Just like for Martin Byrne, it is a pleasure for me to publish for the third time a project by 陈欣阳 (Chen Xinyang) at Pratt. After her Space Monastery/Prison and her Underground City, this new project is the result of her thesis about Useless Architecture. Its title, New Yorkers’ New Walk To Work beside providing a beautiful alliteration, announces clearly what the project is about: a narrow elevated walkway full of useless event devices and also full of detours.

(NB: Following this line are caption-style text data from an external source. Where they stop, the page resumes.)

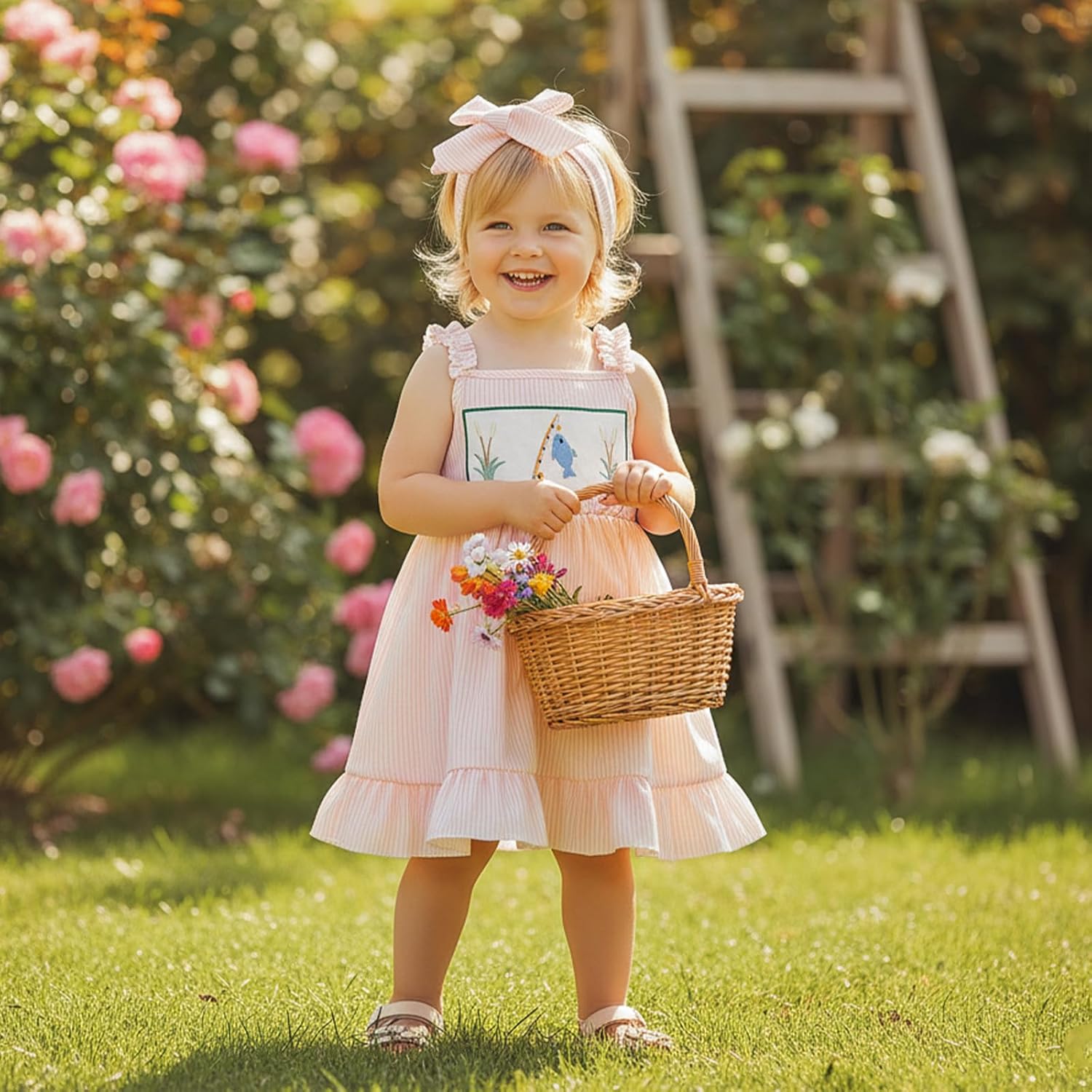 Toddler Baby Girl Dress Fish Sleeveless Stripes Ruffle Dresses Little Girls Summer Clothes Cute Kids Fishing Outfit - Image 5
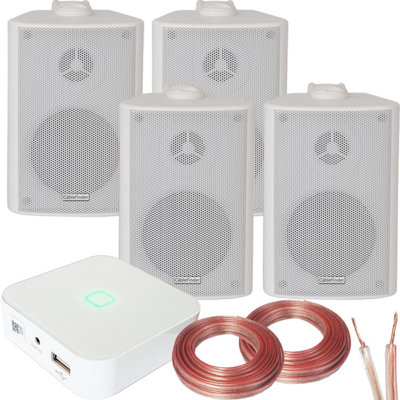 80W Mini WiFi Stereo Amplifier & 4x 60W White Wall Mounted Speaker Audio System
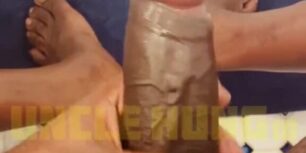 Horny black guy rubbing his tasty hairy beefy oiled cock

The difficulty of the different observers to accept this project is linked to the inherent purpose of this project, providing a unnecessary layer to the city. It has been interesting to observe all along the semester the lack of understanding of the several jurys whose confusion is probably seen too rarely in current schools of architecture. Economical, social, sustainability and efficiency logic were mainly invoked as discrediting the project when actually this same project finds its strength from a total extraction of those logic.
The following text is how Xinyang describes her project:
New Yorkers’ New Walk To Work (tutors: Elliott Maltby & Jason Vigneri-Beane)
This project is developed under the reflections on commercialism. The goal of it is to design uselessness. This goal is a cure for the illness of commercialism (addicted to efficiency at surface and expel diversity of interest at its core), and a self-mockery of design discourse. The design of this project represents two essential qualities of making an object useless: undesirable and incomprehensible. Undesirability is gained by the project’s surplus nature— a collection of things we already have: it is a walkway upon sidewalk; and it provides simulacra nature that compensates the lost real one…
Incomprehensibility is achieved with the assistance of cut-up method. This method is capable of introducing unpredictable factors, abstracting design conditions, and making result complicated.